Thread (40 messages) 40 messages, 6 authors, 2015-08-10

[PATCH 3/9] gpio: Allow hogged gpios to be requested

From: Markus Pargmann <hidden>
Date: 2015-07-19 14:01:44
Also in: linux-gpio

Hi Uwe,

On Fri, Jul 17, 2015 at 10:27:02PM +0200, Uwe Kleine-K?nig wrote:
Hello,

On Fri, Jul 17, 2015 at 11:32:44AM +0200, Markus Pargmann wrote:
quoted
It can be useful to claim hogged gpios later, for example from
userspace. This allows to set defaults for GPIOs using the hogging
mechanism and override the setup later from userspace or a kernel driver.
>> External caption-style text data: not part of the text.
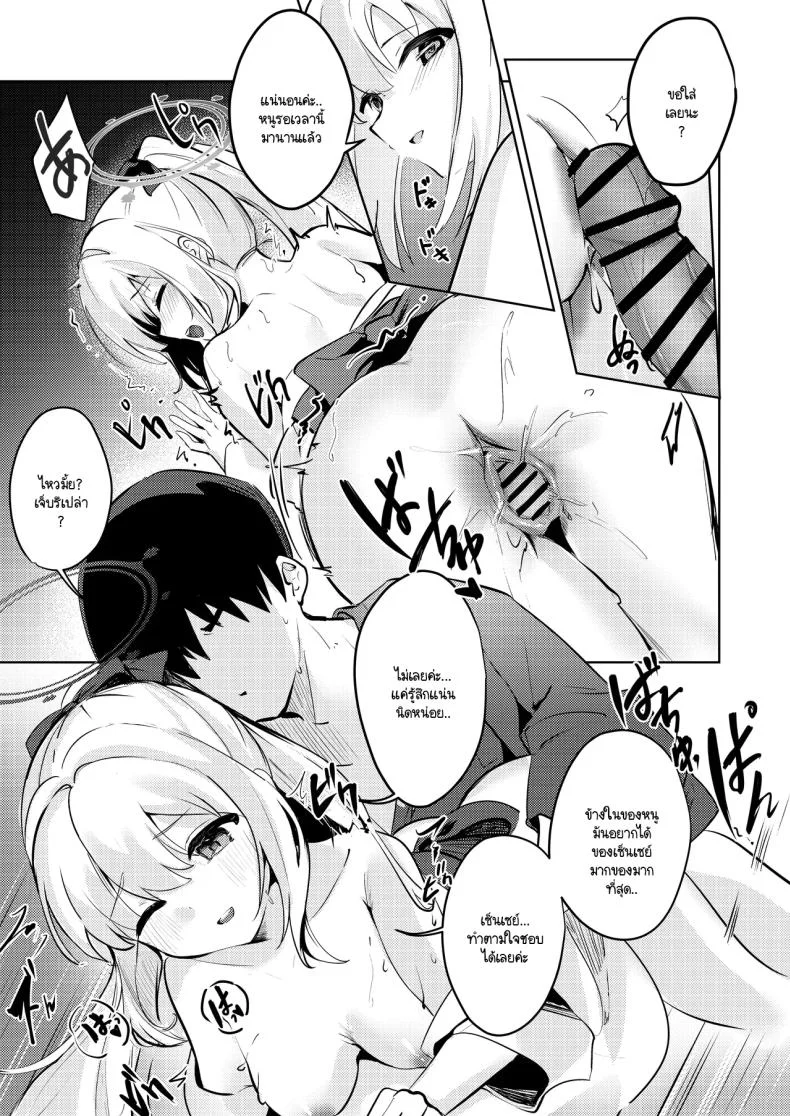ท่ามกลางดอกไม้ไฟที่สว่างสดใส (KiTA) (Blue Archive) หน้า 22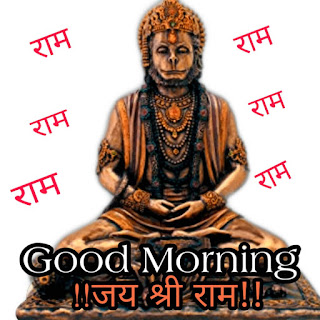 shubh-mangalwar-good-morning-with-god-hanuman-photo-download-in-hd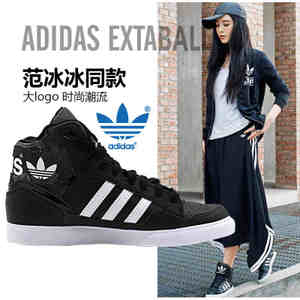 Adidas/阿迪达斯 2016Q3OR-CEK93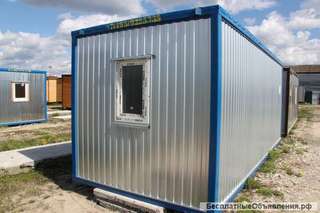 Бытовка (блок контейнер) строительная, окно-пвх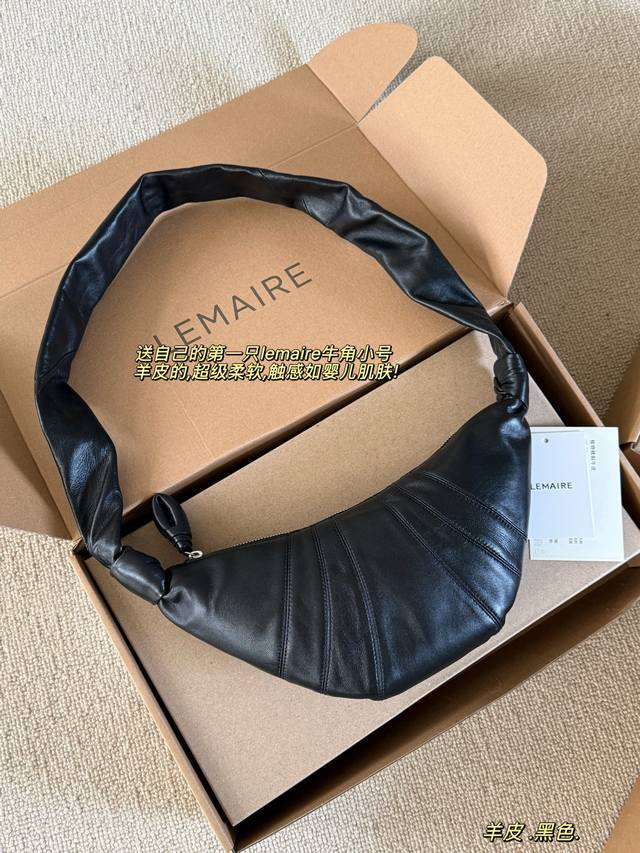 羊皮 配包装 Size：16*35 上宽 Cm Lemaire牛角包真是氛围感神器 牛角真的可爱无人能敌！ 还有Lemaire牛角包还有不能配的衣服吗. 安全下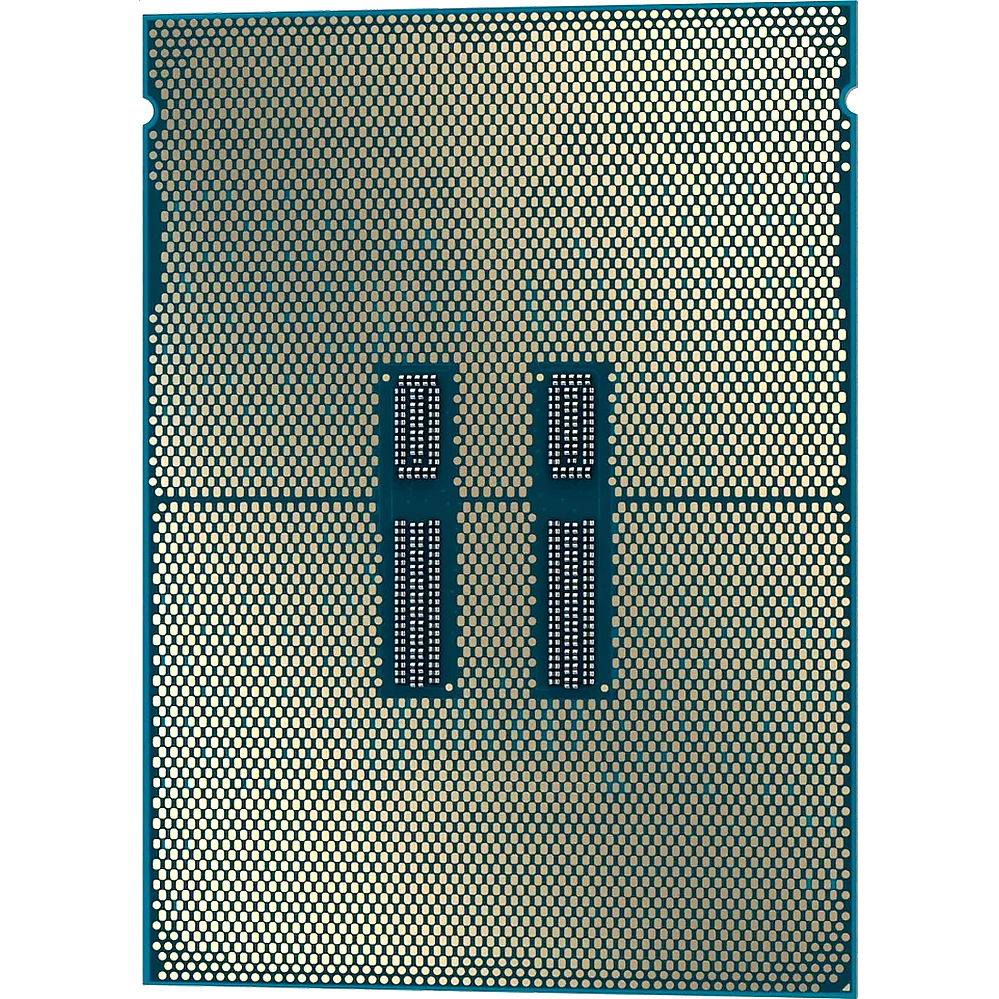 Intel PK8072205512200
This patch adds a check for hogged gpios to allow requesting them. If
the gpio is not hogged but marked as requested, it still fails with
-EBUSY.

Signed-off-by: Markus Pargmann <redacted>
---
 drivers/gpio/gpiolib.c | 3 ++-
 1 file changed, 2 insertions(+), 1 deletion(-)
diff --git a/drivers/gpio/gpiolib.c b/drivers/gpio/gpiolib.c
index bf4bd1d120c3..9f402b159cbe 100644
--- a/drivers/gpio/gpiolib.c
+++ b/drivers/gpio/gpiolib.c
@@ -798,7 +798,8 @@ static int __gpiod_request(struct gpio_desc *desc, const char *label)
 	 * before IRQs are enabled, for non-sleeping (SOC) GPIOs.
 	 */
 
-	if (test_and_set_bit(FLAG_REQUESTED, &desc->flags) == 0) {
+	if (test_and_set_bit(FLAG_REQUESTED, &desc->flags) == 0 ||
+	    test_and_clear_bit(FLAG_IS_HOGGED, &desc->flags) == 1) {
 		desc_set_label(desc, label ? : "?");
 		status = 0;
I don't like this patch. IMHO hogging is a "use" of a GPIO that should
prevent it being requested.
I disagree with you here. The original patch stated in its description
that it was designed to initialize GPIOs. In my understanding this does
not necessarily mean that a hogged GPIO has to be blocked forever.
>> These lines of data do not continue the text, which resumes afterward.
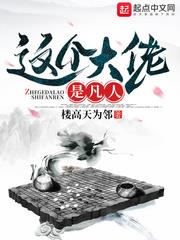 这个大佬是凡人百度百科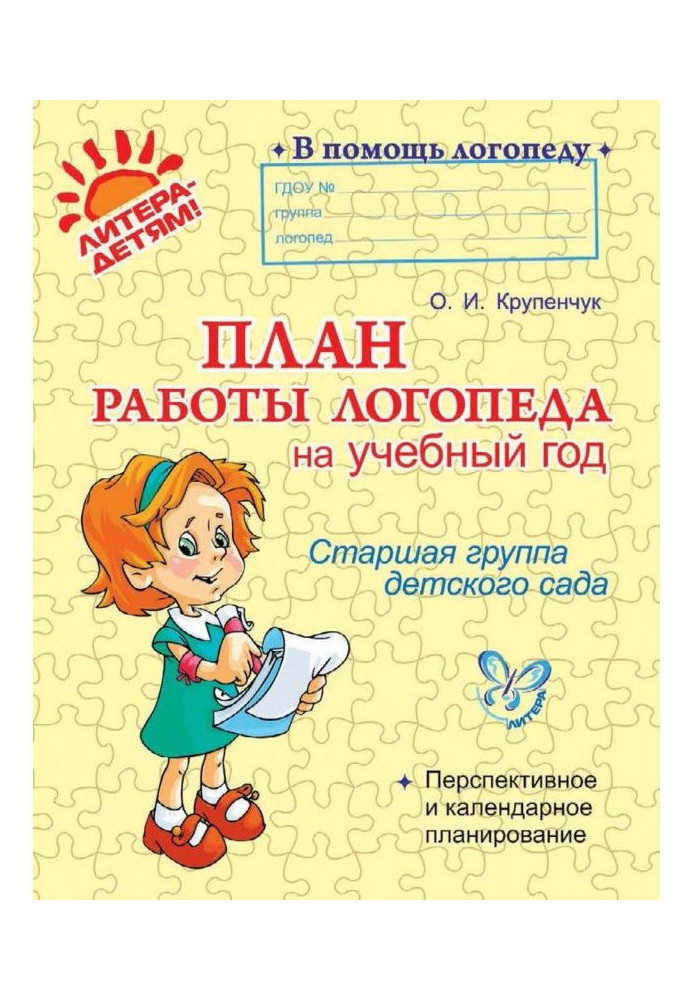 Книга План работы логопеда на учебный год. Старшая группа детского сада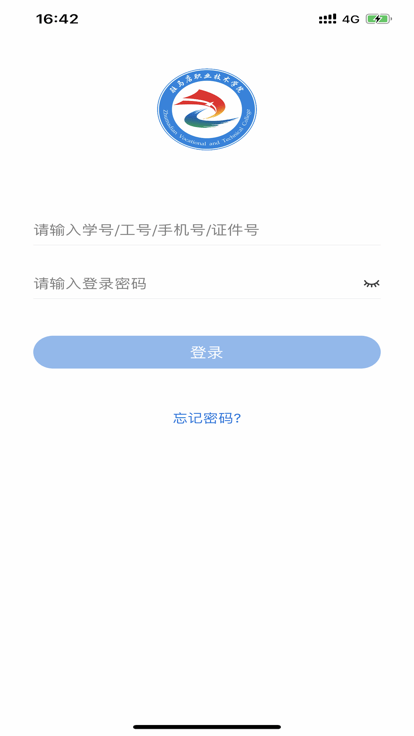 我i驻职app官方版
It may be a use case for example to initialize multiplexers to known
safe values to work with the system right from the beginning. Later it
may be necessary to change them.
While I think it's useful to be able to export some hogged pins I don't
think this should be possible for all hogged pins unconditionally. And
for gpios being used by drivers I'd expect they don't need to be hogged
at all.

I don't have a good idea how to solve that. Adding another property to a
gpio that should be allowd to be exported can hardly count as hardware
description and so doesn't belong in a device tree?!

Please don't consider this objection as a reason for a NACK, only as
starting point for a discussion.

Apart from that: Does this result in hogged gpios being able to be
requested by two additional drivers in parallel? Maybe the IS_HOGGED
flag should be dropped when the gpio is requested?
The IS_HOGGED flag is cleared at the same time it is tested so only one
consumer can request one hogged GPIO. The GPIO is not considered to be
hogged after it is normally requested.